The Bitter Tea of General Yen is a rarity in the work of director Frank Capra due to its war violence and exotic location. It is also a rather "artsy" film for the populist director. Due to the theme of love between a white woman and a Chinese man, which 1933 audiences in the U.S. could not stomach - women's clubs actually campaigned against the film (something so weird seen from today's perspective it is almost unbelievable - civilization and human feeling do indeed advance) - it flopped at the box office. Reviving it proved a hard task as prejudices took long to dwindle and today it has another problem: it is a film about China without any of the major actors being Chinese.
But it is quite an interesting story. American Megan Davis (Barbara Stanwyck) arrives in Shanghai where civil war is raging to marry her missionary friend Robert Strife. Robert takes her immediately on a rescue mission of an orphanage in a war engulfed section of the city. In the tumult they are separated and Megan is captured by General Yen (Swedish actor Nils Asther) and brought by train to his palace.
The general develops a weak spot for the white lady, but he is a real gentleman and never bothers her. Fired by missionary zeal, from her side she tries to convert the "infidel," but gradually also begins to dress in Chinese gowns and harbor tender return feelings for the courtly and wise man. In one of the most striking sequences of the film, she even dreams about him.
The gentlemanly General is indeed a great contrast to his Western adviser, a Mr Jones (Walter Connolly), who is the typical capitalist, colonial money grabber without a shred of morality. This Westerner is the exact opposite of a gentleman.
Megan uses her influence on the General to have him pardon his mistress Mah-Li (Toshia Mori), who is accused of betraying military secrets to the enemy. Yen grants the request of the naive Megan and spares Mah-Li's life. That will be his undoing, for Mah-Li continues her double doings with as result that an enemy attack on general Yen's troops succeeds. The war tide turns against the General who now has only one option: to drink poisoned tea. His love has become his nemesis.
The most interesting point of this film is that it shows not only how ineffective the Christian mission in China was, but also how it backfired (said with all respect for those who dedicated their lives to it, among whom were also the first serious scholars of Chinese culture). That comes out in two ways. In the first place, at the beginning of the film one missionary tells about his experiences in the Chinese countryside. The Chinese there were extremely interested in the story of the crucifixion of Jesus, so the "Man of God" was happy and full of hope to win countless converts. The locals kept asking for details of the story! But when he later returned to the same village he saw that he had been crying victory too soon. Crucifixion had become the major punishment for crimes!
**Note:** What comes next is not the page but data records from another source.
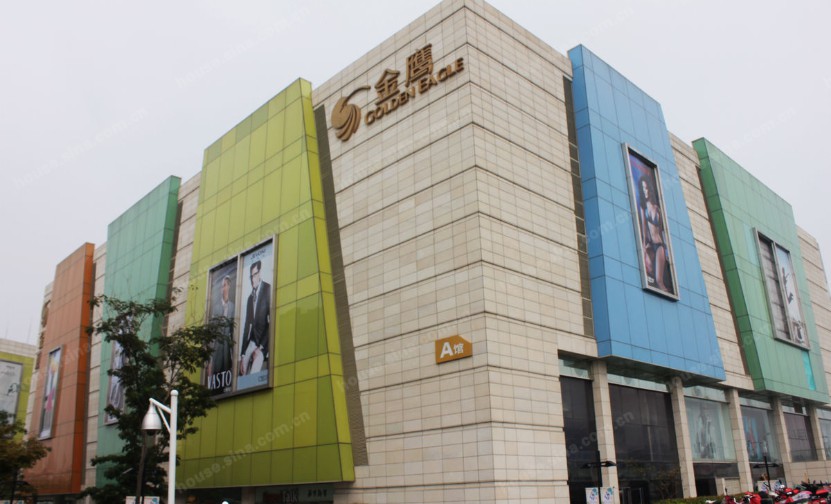 梅河口金鹰奥莱城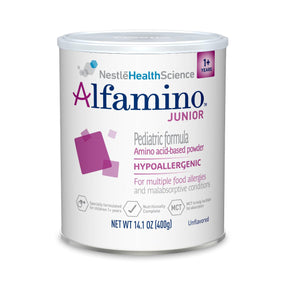 Nestle Alfamino Junior Formulas 1303478796 - 1.0 Each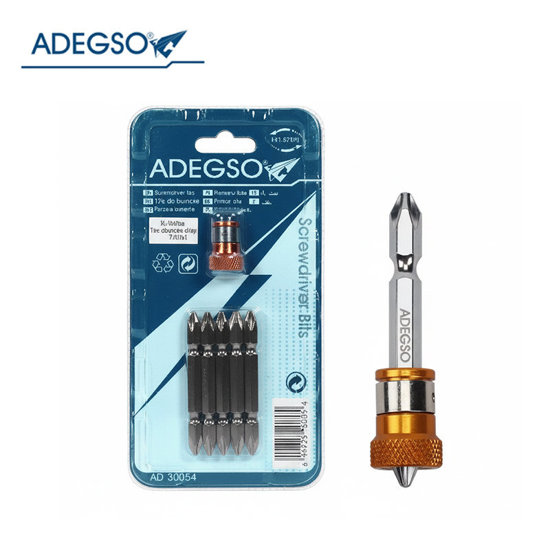 Image de JEU DE 5 EMBOUT AM DOUBLE- AD30054 ADEGSO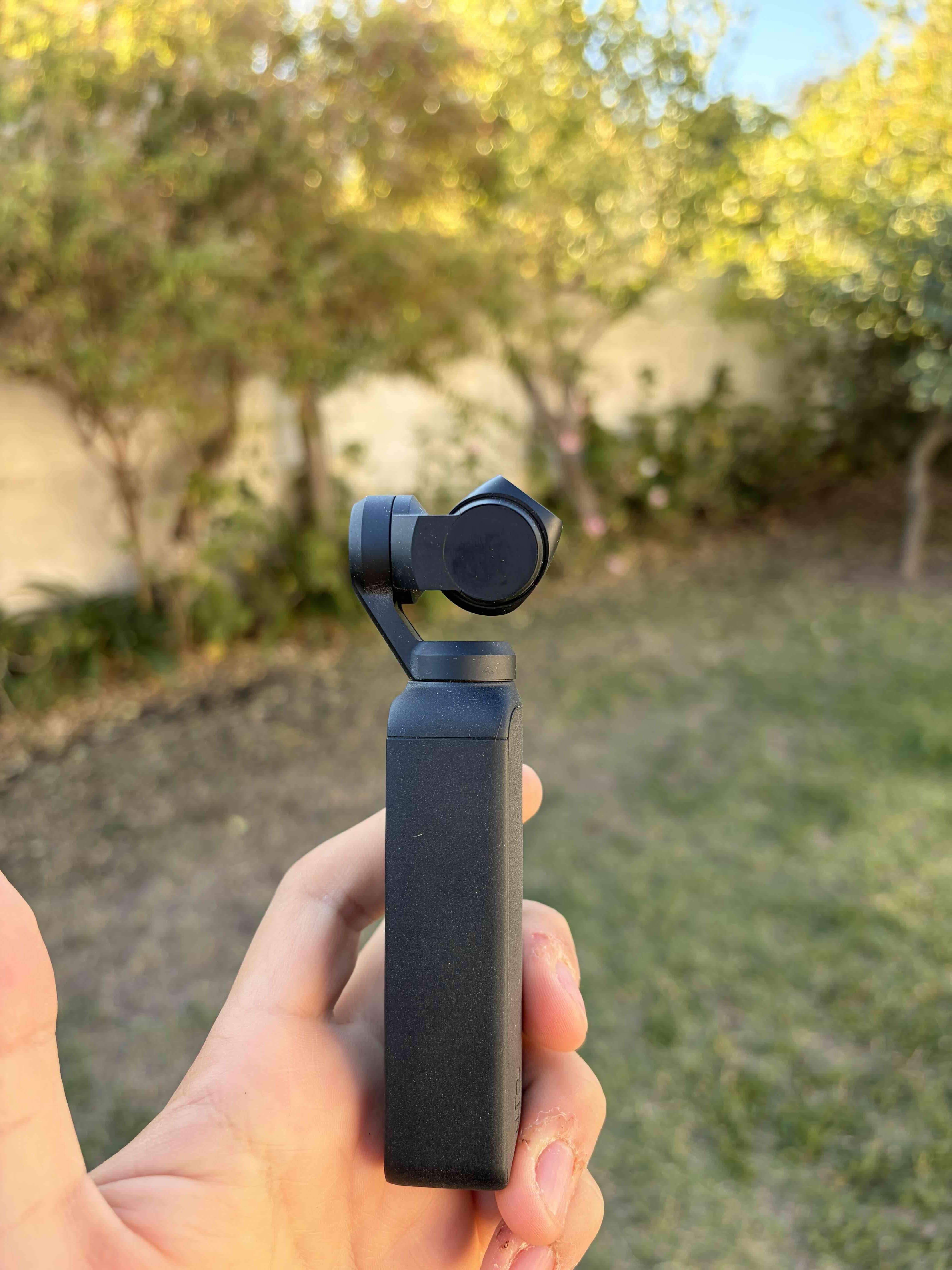 Cámara portátil DJI osmo pocket 2 - miniatura 4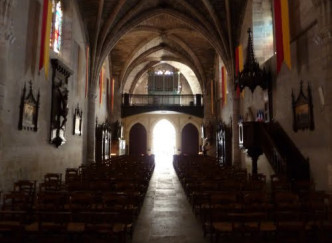 Eglise Saint-Jean de Laroque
Apparently the always so practical Chinese had only been interested in the Bible to get some useful information about a new form of punishment...
The second and more important example is the film itself, where Megan Davis is led astray by her Christian compassion and has the General spare a dangerous enemy. Her good-willing interference is not based on any knowledge of Chinese culture and therefore has the opposite effect. This, one could say, is what went wrong in general with Western influence in China - and still goes wrong today when the West meddles in other cultures without taking the trouble to first understand them.
Stanwyck is more prim than usual, but the Chinese gowns look great on her. The sets are lavish, although not without mistakes, as I suppose Chinese in the 1930s would not put Buddha statues in their homes (for Chinese, these belonged in temples, not in homes - Western art collectors were the ones to treat Buddhas on the same level as other antiquities). Nils Asther does a great job as General Yen, he even manages to hold his own against Barbara Stanwyck, which is no mean feat. But it is true, he is not Chinese and today that grates on our sensibility.